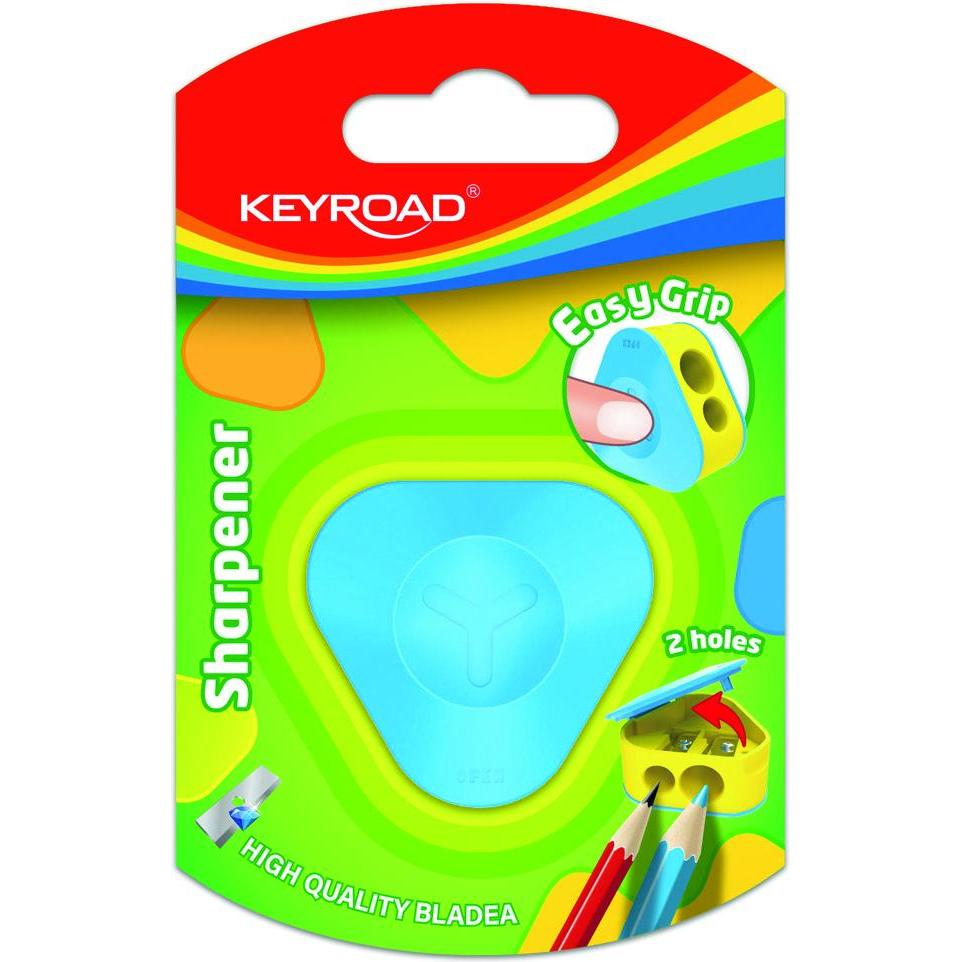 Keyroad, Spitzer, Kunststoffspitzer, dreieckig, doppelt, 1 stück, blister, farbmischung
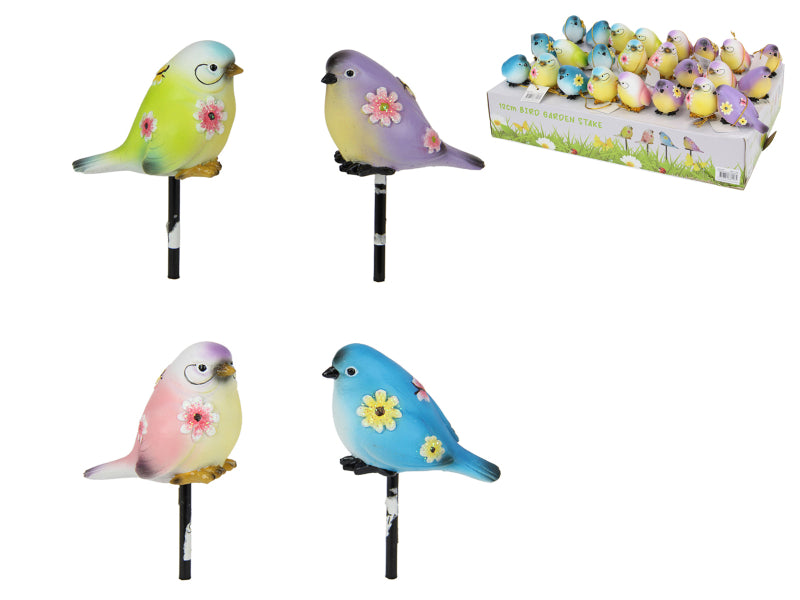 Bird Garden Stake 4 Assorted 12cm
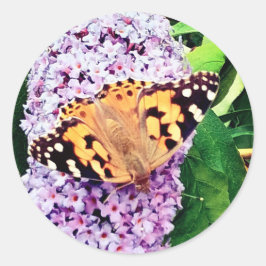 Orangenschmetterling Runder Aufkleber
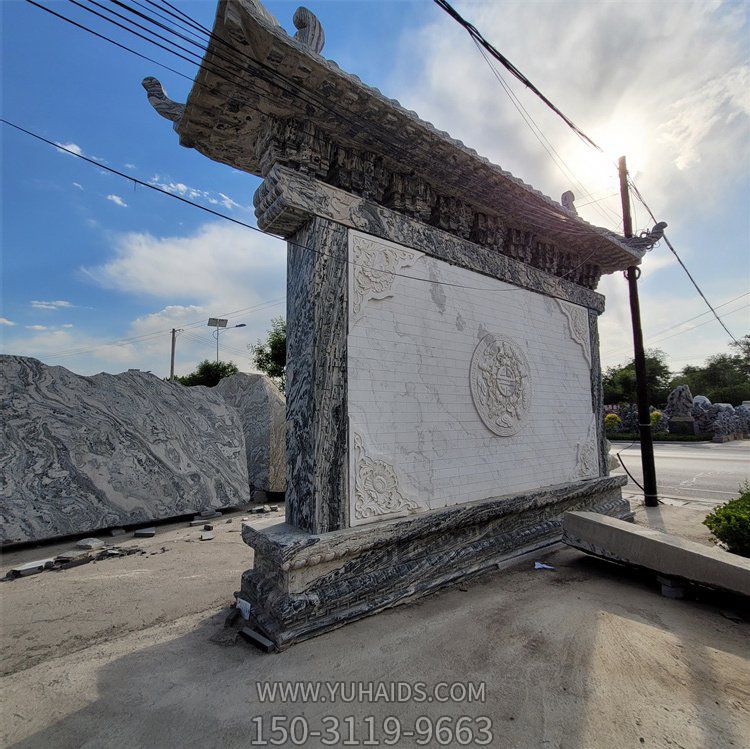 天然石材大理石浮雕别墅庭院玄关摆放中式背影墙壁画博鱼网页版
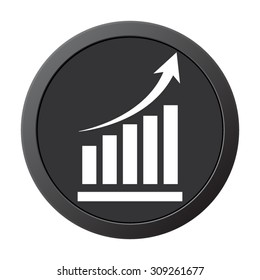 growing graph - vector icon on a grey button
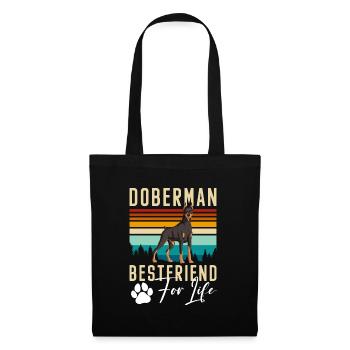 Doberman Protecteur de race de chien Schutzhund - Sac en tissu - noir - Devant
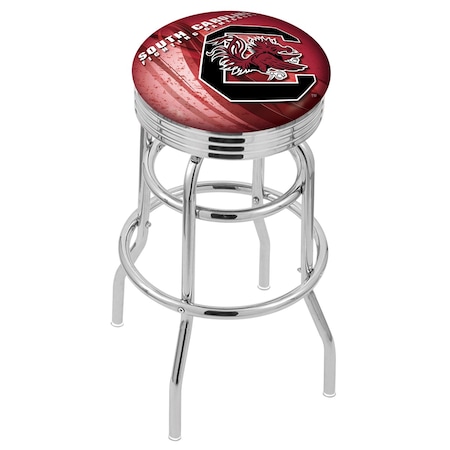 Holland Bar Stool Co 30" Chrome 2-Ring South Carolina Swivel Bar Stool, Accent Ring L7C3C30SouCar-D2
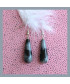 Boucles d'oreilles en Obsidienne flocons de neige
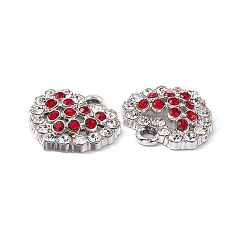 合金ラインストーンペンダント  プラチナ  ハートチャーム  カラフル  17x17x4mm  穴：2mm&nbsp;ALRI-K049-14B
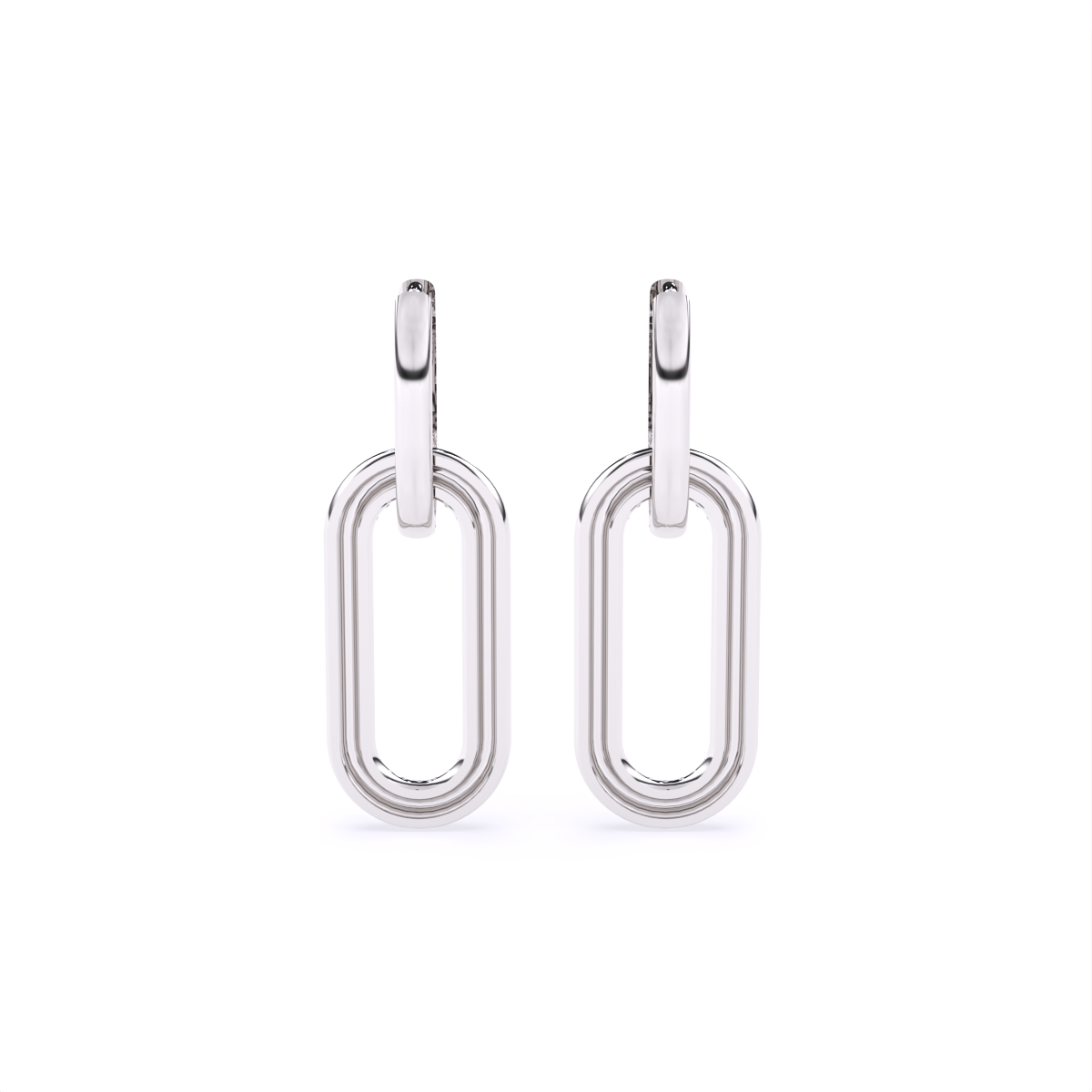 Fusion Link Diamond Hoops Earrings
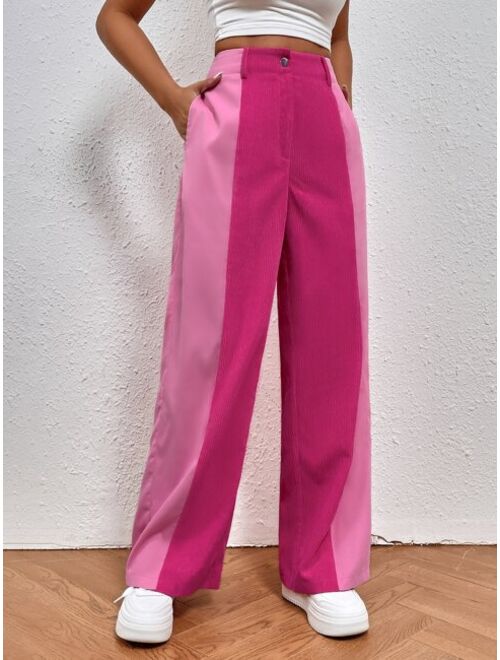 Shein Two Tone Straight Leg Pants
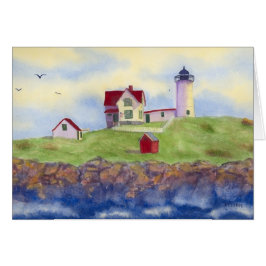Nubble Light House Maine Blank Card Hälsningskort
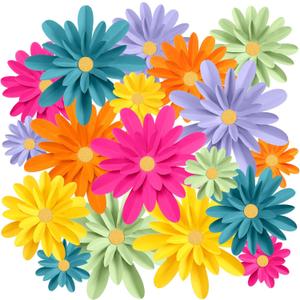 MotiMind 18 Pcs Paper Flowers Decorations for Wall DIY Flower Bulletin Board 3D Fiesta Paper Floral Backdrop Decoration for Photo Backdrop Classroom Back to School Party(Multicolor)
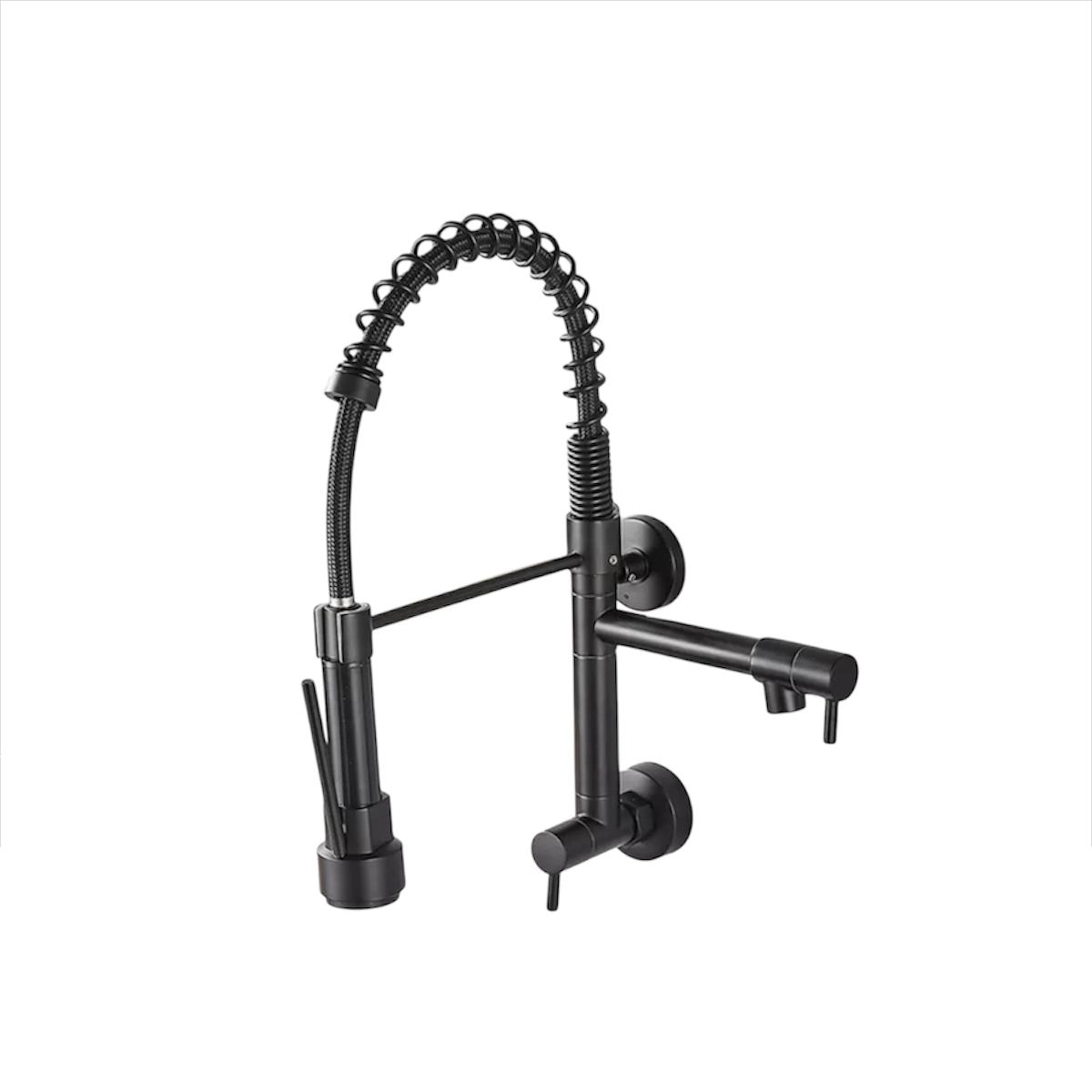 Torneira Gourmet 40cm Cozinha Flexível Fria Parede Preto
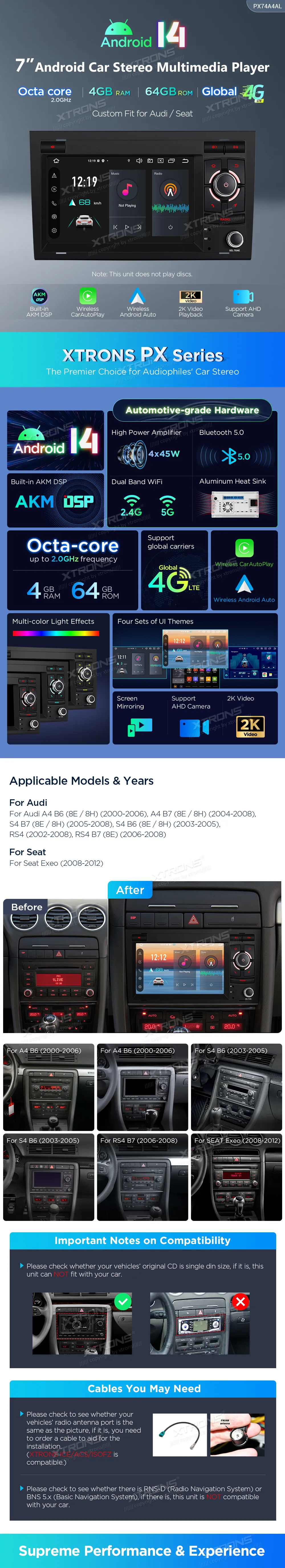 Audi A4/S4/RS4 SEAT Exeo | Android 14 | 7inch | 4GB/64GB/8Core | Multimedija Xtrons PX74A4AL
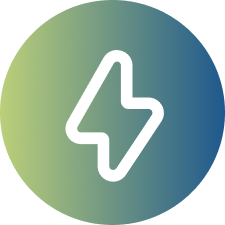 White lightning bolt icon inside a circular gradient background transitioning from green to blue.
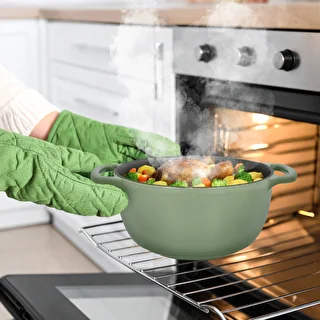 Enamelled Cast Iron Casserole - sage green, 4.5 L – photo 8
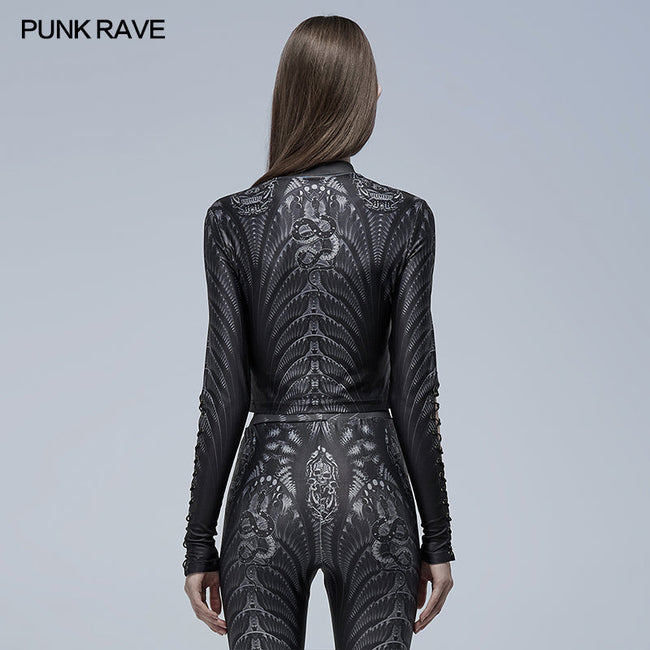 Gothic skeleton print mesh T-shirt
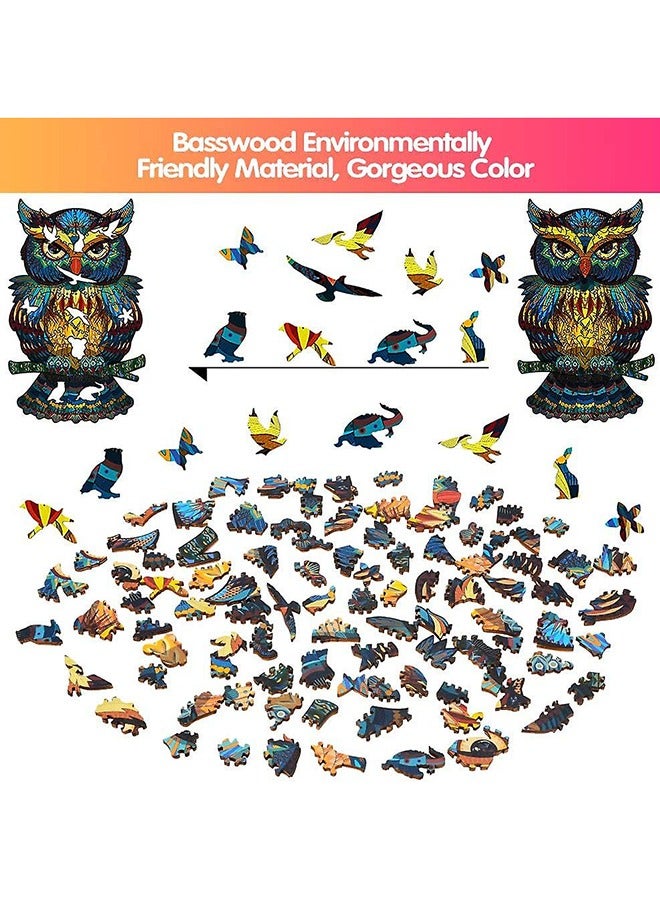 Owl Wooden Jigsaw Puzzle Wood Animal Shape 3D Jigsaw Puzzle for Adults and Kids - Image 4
┄┄┄┄┄┄┄┄┄┄┄┄┄┄┄┄┄┄┄┄
The task: Reproduce precisely the lines of the listing above, from the line containing "Torneira Gourmet 40cm" to the last line, both ends included. Pictures are to be omitted.

Response:
 Torneira Gourmet 40cm Cozinha Flexível Fria Parede Preto
 Audi A4/S4/RS4 SEAT Exeo | Android 14 | 7inch | 4GB/64GB/8Core | Multimedija Xtrons PX74A4AL
 White lightning bolt icon inside a circular gradient background transitioning from green to blue.
 Enamelled Cast Iron Casserole - sage green, 4.5 L – photo 8
 Gothic skeleton print mesh T-shirt
 Owl Wooden Jigsaw Puzzle Wood Animal Shape 3D Jigsaw Puzzle for Adults and Kids - Image 4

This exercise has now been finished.